Selin Kandiyoti – Şalom Gazetesi köşe yazarı
“Ben müthiş bir coşku patlaması yaşadım. Dizi boyunca ne zaman Yahudilikle ile ilgili bir unsur görsem; bu bir şarkı olabilir, dil olabilir, bir aksesuar olabilir, bir dekor olabilir. Hepsinde ağladım. Bir coşku, bir sevinç, olumlu duygularla dolup taştım. Bunun da sebebi, ilk kez Türkiyede Türk Yahudi toplumunun hayatına, yaşantısına yer verilmiş bir dizi görmekti. Biz bugüne dek hiçbir dizide temsil edilmedik. Belki küçük roller oldu ve maalesef kötü adam rolünde olmuş olabilir. O yüzden bu yapım beni çok çok sevindirdi. Ben öncelikle çok mutlu oldum.
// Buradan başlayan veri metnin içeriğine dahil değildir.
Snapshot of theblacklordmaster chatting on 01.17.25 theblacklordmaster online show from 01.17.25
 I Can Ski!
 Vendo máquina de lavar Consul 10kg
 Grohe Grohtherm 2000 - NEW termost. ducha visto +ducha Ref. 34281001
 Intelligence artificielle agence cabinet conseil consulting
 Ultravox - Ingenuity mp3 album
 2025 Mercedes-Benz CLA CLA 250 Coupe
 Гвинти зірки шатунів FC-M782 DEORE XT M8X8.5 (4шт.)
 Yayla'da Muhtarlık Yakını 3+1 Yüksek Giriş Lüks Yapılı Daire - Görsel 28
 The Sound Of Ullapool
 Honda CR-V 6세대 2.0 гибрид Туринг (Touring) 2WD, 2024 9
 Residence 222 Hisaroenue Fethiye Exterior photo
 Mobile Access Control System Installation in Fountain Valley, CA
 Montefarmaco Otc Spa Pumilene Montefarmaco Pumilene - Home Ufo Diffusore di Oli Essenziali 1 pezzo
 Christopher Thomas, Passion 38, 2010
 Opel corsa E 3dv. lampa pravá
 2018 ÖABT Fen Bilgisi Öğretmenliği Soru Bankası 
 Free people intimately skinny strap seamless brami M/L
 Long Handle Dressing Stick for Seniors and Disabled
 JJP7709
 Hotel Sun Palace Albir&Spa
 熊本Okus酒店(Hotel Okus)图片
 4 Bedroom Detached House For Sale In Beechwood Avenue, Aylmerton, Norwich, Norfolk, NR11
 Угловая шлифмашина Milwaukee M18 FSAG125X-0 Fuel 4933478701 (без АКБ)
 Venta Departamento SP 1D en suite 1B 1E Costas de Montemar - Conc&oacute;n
“Benim anneannem Galata’da büyüdü. Oradan ne zaman geçsek, ‘Anneanne bu apartmanda (Deniz Palas) büyüdü’ derlerdi. Benim anneannem oradan gelin çıkmış. Sokakta Ladino konuşulurmuş. Baba tarafımdan duyduğum ise Varlık Vergisi ve Aşkale hikayeleri… Babamın büyükbabası Aşkale’ye gitti. Varını yoğunu satmış olsa da fahiş vergiyi ödeyemedi çünkü… Servetlerini kaybettiler orada. Biz gerçekten kendi hayatımızı izledik.
“90 yaşında anneanneme de izlettim diziyi. O da çok duygulandı: ‘Aaa Ladino konuşuyorlar’ dedi. Türkiye’de yaşayan Yahudiler ülkesine çok bağlıdır. Bizim burada olmamız da bunun göstergesidir. Bu yüzden, bu ülkedeki geniş toplumun bize bakış açısının değişmesine vesile olursa biz buna çok seviniriz. Dünyada olduğu gibi Türkiye’de de antisemitizm var. Ama Türkiye’deki Yahudilere karşı antisemitizm dozunun biraz düşmesine biz çok seviniriz. Bu dizi buna yarayabilir. En azından Türkiyedeki geniş toplum, burada yaşayan Yahudi vatandaşlarına karşı önyargıları biraz azalabilir. Ben bu yüzden de çok mutluyum.”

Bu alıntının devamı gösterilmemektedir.